The Campaign for Prison Phone Justice is a national effort challenging prison phone kickbacks and the U.S. Prison Telephone Industry. The campaign is jointly led by: Media Action Grassroots Network, Working Narratives, Prison Legal News and Participant Media as part of the social action campaign for Ava Duvernay's film Middle of Nowhere.
As the crowd chanted, "Fair rates! Now!" I felt warm despite the breeze that whipped through the courtyard outside the Federal Communications Office in Washington, DC. Around 75 people gathered from across state lines and political beliefs to rally for "Strong Families, Safe Communities." Put another way, we were all standing in person to urge the FCC to lower the cost of prison phone calls by taking action on the Wright Petition.

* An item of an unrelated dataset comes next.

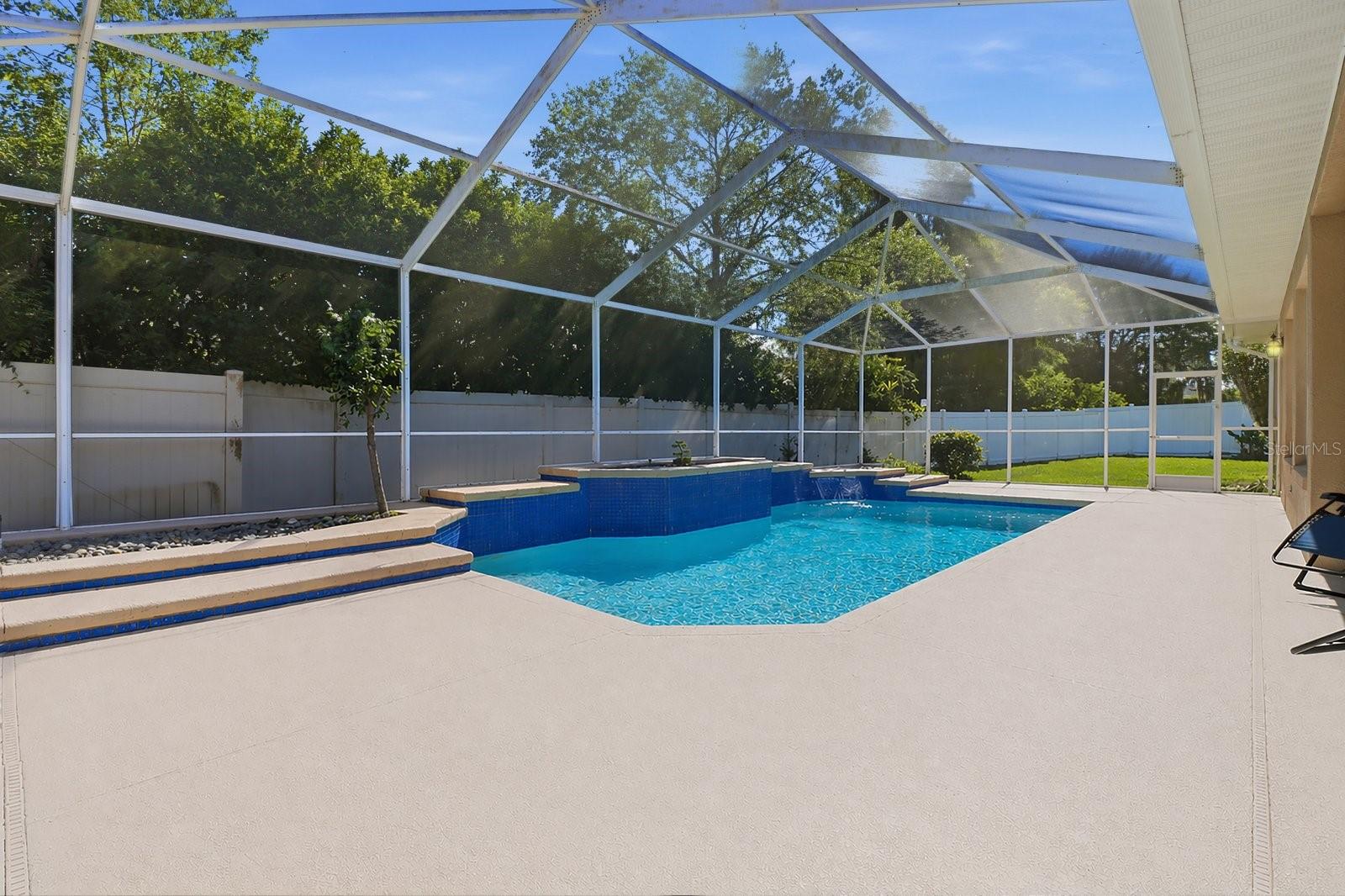 LAUREL WOOD - Residential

The rally was a mix of inspiration, encouragement, celebration and truth telling. On both ends of the rally, religious leaders led us in faithful call for an end to policies that victimize poor families. The crowd also joined the lovely-voiced singer Kenyatta Hardison in uplifting songs to open and close the gathering.
It was incredible to hear the remarks of prison phone justice ally, FCC Commissioner Mignon Clyburn. She announced to the excited crowd that the FCC has, at last, decided to circulate a Notice of Proposed Rulemaking on the Wright Petition – this is bringing us a step closer to victory in the fight to end the high cost of interstate prison phone calls.
And it was wonderful to see people from Some Of Us, the Prison Policy Initiative, Participant Media and the Campaign for Prison Phone Justice submit pages filled with 40,000 signatures from people in support of the Wright Petition. There’s no denying it when you see four huge binders brimming with paper: the voices of prisoners, their families and allies are speaking loud and clear. I also learned today that many of the people who signed onto the petition were not directly touched by incarceration but were compelled to support phone justice as a human rights issue.
As fantastic as it is to hear the remarks from policy makers and elected officials at an event like this, the most important thing to me is always hearing the stories of the people most impacted by the injustice that we are fighting to change – in this case, prisoners, former prisoners and their families. Lillie Branch-Kennedy shared that she and her husband spent literally $10,000 in phone calls with their son during the first four years of his incarceration. They estimate that the total is now around $25,000. Keith DeBlasio also shared the exorbitant fees that his mother had to pay to talk to him while he was in prison and stressed the positive impact lowering the cost of calls would have on communities by lowering recidivism.
The message at the Strong Families, Safe Communities rally was clear: we can come together across our differences to fight for fair phone rates for prisoners and their loved ones. The predatory, dehumanizing system of exorbitant rates and kickbacks has to stop. We also stood together in conveying a message of thanks for our allies at the FCC, the people and organizations on the ground fighting for prison phone justice, and all the people that came before us.
Mel Motel works as a researcher, paralegal, and sometimes writer at the Human Rights Defense Center/Prison Legal News, a member of the Campaign for Prison Phone Justice; outside of the office, she is a high school educator and member of the Criminal Justice Initiative donor/activist circle.